В этих путаных и пустынных улицах мы прятались по дворам и садам, выскакивали с криками, с протянутыми рапирами и развевающимися плащами, и вступали в бой. Кто-нибудь падал у Монастырской стены, как Валентин от удара Мефистофеля. Остальные разбегались. Редкие прохожие не знали, что им делать. Звать ли полицию, заметить ли значок гимназии на фуражке и жаловаться директору, или просто обругать нас. Такого удобного слова, как «хулиган», в обывательском лексиконе еще не было <...>|0.
* * *
Раз под вечер, в начале мая мы с Таней отправились к тому святошинскому пруду, где прошлым летом катались на байдарках. Надвигалась гроза. Над прудом низко скользили стрижи. Вдали слышались глухие раскаты. В лесу стало внезапно тихо. «Гроза будет жуткая! Надо бы домой!» — сказал я нерешительно. Мне очень не хотелось возвращаться. «Вот глупость, что она нам сделает?» — весело возразила Таня. Еще удар грома. Молния прорезала свинцовую тучу, и полил ливень. Мы спрятались в барак, где хранились байдарки. Гроза бушевала. Но бушевала она и во мне: я был охвачен безвестным порывом. Хотелось схватить мою лазоревку11 и осыпать поцелуями. Мне нужна была большая сила воли, чтобы сдержать свой порыв. Гроза пронеслась по-весеннему быстро. Быстро очистилось и небо. Оно стало такое ясное, спокойное, словно омытое грозой. Все прояснилось и во мне.

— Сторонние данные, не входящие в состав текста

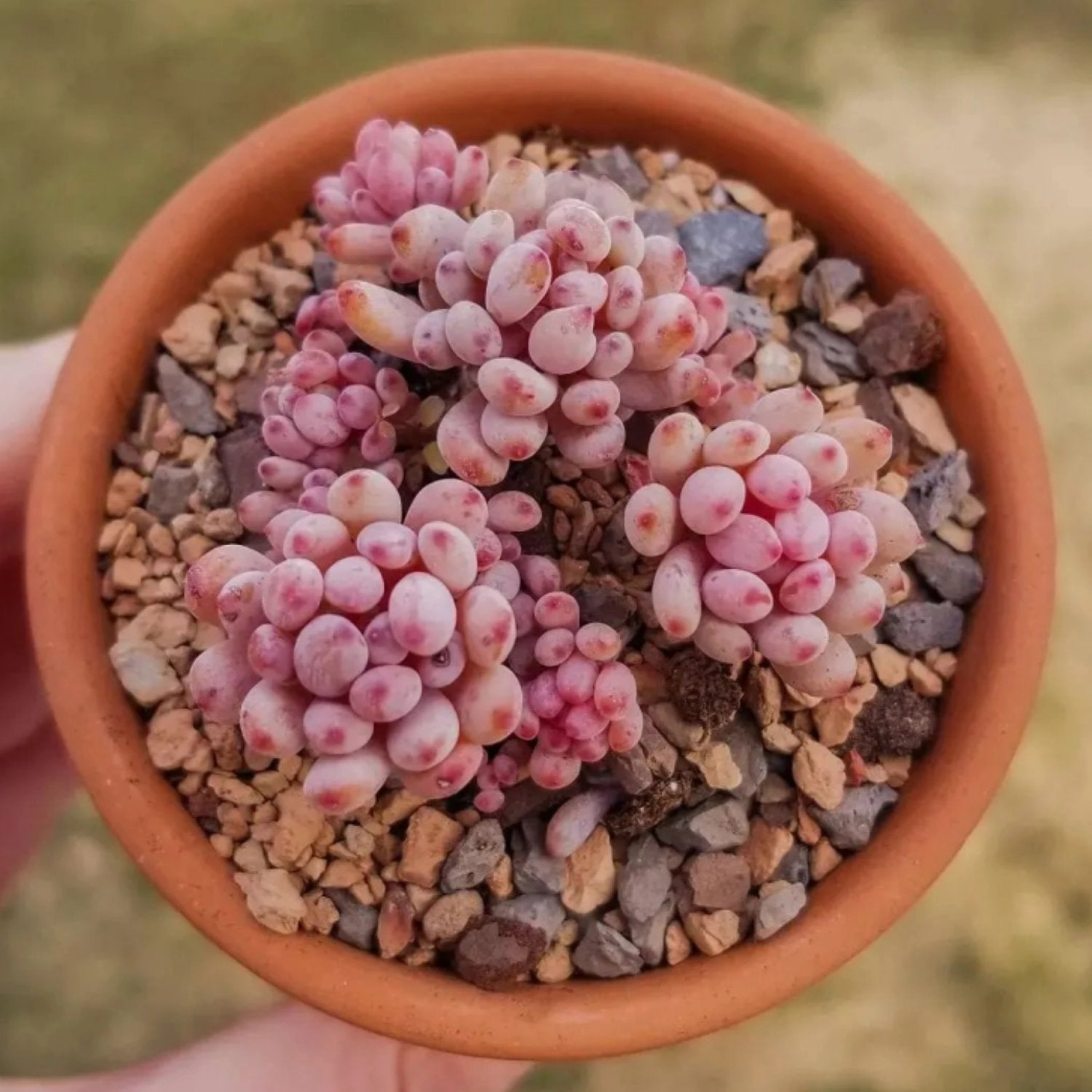 Graptopetalum pachyphyllum 'Bluebean'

Я не был Паоло, а Таня — Франческой да Римини.
Через несколько дней мама объявила мне, что она получила письмо от Антонины Николаевны Курбатовой, в котором та приглашает нас к себе в Рязанскую губернию.

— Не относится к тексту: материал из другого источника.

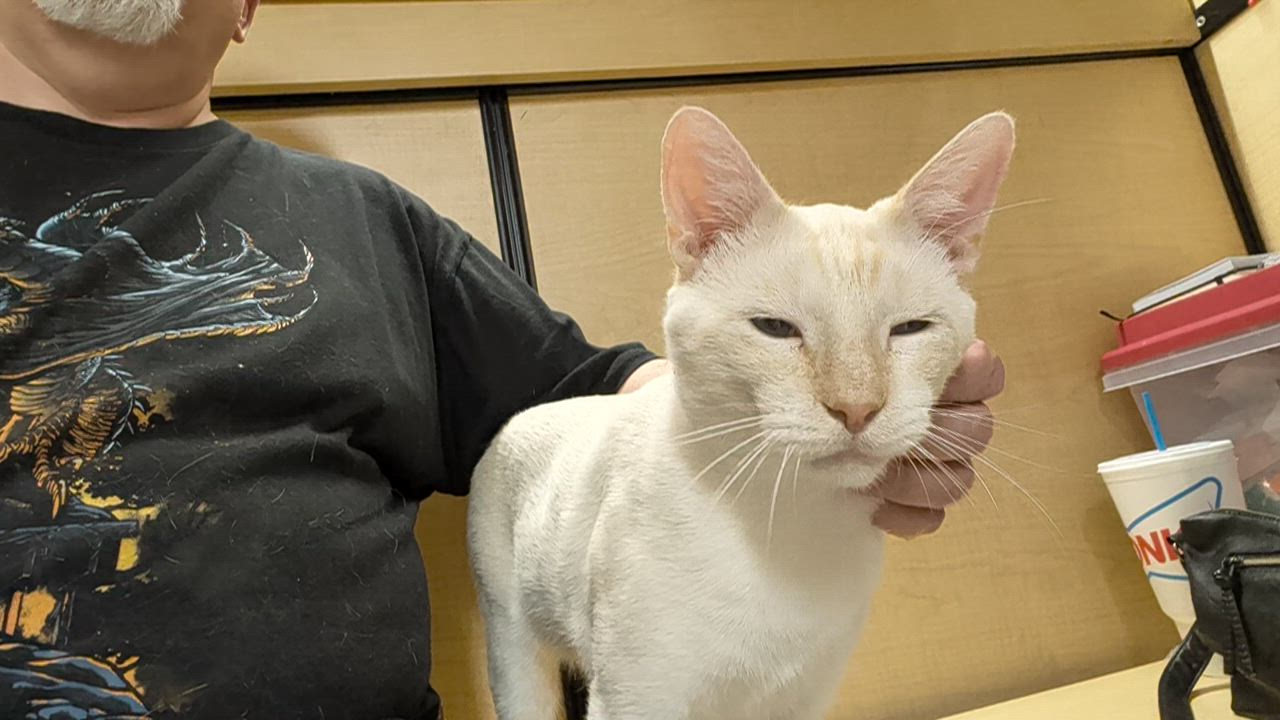 Enlarge Willy, a Adoptable mixed breed in Garland, TX video 6/6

Я решительно отказался. Мама настаивала. Она рассказала мне о дружбе тети Нины с моим отцом, о желании отца, чтобы я сблизился с Курбатовыми: «Знай: это его завещание». Когда я сослался на свою дружбу с Навашиными, мама прямо сказала мне: «Я не могу допустить, чтобы для тебя весь свет сошелся на Навашиных. Кроме того, ты побываешь у Фортунатовых, у Белокопытовых. Неужели же ты и все и вся забыл ради Навашиных?»
Я покорился. С тяжестью на душе поехал в Святошино и рассказал Тане о предстоящей разлуке. Мы сидели на скамье в садике, где в начале зимы смотрели на звезды, такие равнодушные к земным страданиям.
— Нас хотят разлучить, Коля. Но мы должны дать друг другу клятву под этими звездами, на этой земле, что ни у тебя, ни у меня не будет более близкого друга!
И мы поклялись. После этого Таня встала и пошла в дом. Она принесла с собой кипарисный крестик в коробочке. Нагнувшись, достала из-под скамейки, на которой мы сидели, комочек земли, раздавила его и наполнила им коробку. «Вот та земля, на которой ты клялся». После этого мы дали друг другу обещанье часто переписываться. Мы, убежденные в том, что нас разлучают, решили что и за перепиской нашей будут следить. Нам нужен шифр. Как же мы будем писать о нашей дружбе? И решили так: Я2. Ведь мы теперь едины, но нас двое. Значит я в квадрате. Мы простились. Скоро я уехал в Москву.
Так закончилась моя prima vera. Я еще не знал тогда, что навсегда покинул тот призрачный замок, из узкого готического окна которого смотрел на мир.